Great piece, Mark! One thing I think is useful to note about the episode is how it conflates “virtual reality” with “uploading consciousness”. The former is pretty straightforward, and although getting a completely convincing VR experience may be hugely challenging, at least we understand how that might happen. “Consciousness uploading” is a radically different problem, vastly harder, and one that raises all the issues you do, plus a ton others. (For example, if I can upload my consciousness to a single server, why can’t I upload to a bunch of different servers, and have multiple versions of “me” living in various virtual worlds? What would the notion of personal identity even mean any more?).
I think your Scenario 2 is terrible nightmare fuel: “If everyone’s consciousness terminates when they die, then the promise of eternal life in San Junipero is a massive lie.” As I see it, the real problem is not only could this be the situation, but we could never know it is a lie, including the people who actually made San Junipero (in this sense, the word “lie” may be inappropriate). This is the heart of the philosophical zombie problem — there is no way to distinguish one from someone with subjective experience. And thus there is no way for TCKER to know their system “actually” works.

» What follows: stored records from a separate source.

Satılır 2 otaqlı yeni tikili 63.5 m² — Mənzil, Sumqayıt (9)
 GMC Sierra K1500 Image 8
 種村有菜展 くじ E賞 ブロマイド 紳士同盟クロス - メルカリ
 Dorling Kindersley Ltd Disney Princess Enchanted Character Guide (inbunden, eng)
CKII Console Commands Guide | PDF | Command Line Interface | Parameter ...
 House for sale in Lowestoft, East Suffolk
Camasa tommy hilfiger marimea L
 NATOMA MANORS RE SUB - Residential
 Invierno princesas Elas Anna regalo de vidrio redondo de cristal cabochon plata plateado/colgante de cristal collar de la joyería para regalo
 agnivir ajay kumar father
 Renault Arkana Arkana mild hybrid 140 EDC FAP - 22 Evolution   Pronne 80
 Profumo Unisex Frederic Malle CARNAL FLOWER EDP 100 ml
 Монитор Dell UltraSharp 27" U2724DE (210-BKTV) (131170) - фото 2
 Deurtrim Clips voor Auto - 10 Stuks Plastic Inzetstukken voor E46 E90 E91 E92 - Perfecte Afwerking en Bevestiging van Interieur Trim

Somehow that makes your Scenario 2 all the more horrifying, in that all this effort is put into providing an afterlife for humanity, but it may be that, despite appearances, it is just a puppet show, and no one is ever able to find that out. I know a lot of people have suggested that “San Junipero” is an uncharacteristically optimistic episode for Black Mirror, but the thought of mindless digital avatars of Yorkie and Kelly going through virtual animatronic lives forever is profoundly bleak and horrifying to me.
Good points. Across all scenarios, TCKR Systems is putting out an unverifiable claim that you remain self-aware after you’ve passed on.
The soundtrack is key to the interpretation that self-consciousness does in fact survive in San Junipero. I’m trying to think of a different song from the same era that would telegraph a darker, or at least a more ambiguous, ending.
“Dead or Alive” by Bon Jovi has the right keywords, but is of course thematically off base.
“Dancin’ in the Dark” by Bruce Springsteen is closer but not quite there.
“Dead Man’s Party” by Oingo Boingo is thematically on point, but a little too obscure:
This might be a winner: “I Just Died In Your Arms Tonight” by Cutting Crew:
I love your song suggestions, and Cutting Crew does indeed have the requisite cheesiness and one-hit-wonder-ness for the era.
But I don’t think that episode writer Charley Brooker intends, or even considered the possibility, of any downer interpretation of the material. I think he wants us to take it at face value that Yorkie’s and Kelly’s consciousness do indeed live on forever together in San Junipero. I don’t believe that Brooker really entertained the darker options you put forward, and certainly not the bleakest one (Scenario 2). I think philosophical zombies is likely a far too complex topic for any TV show to canvas well.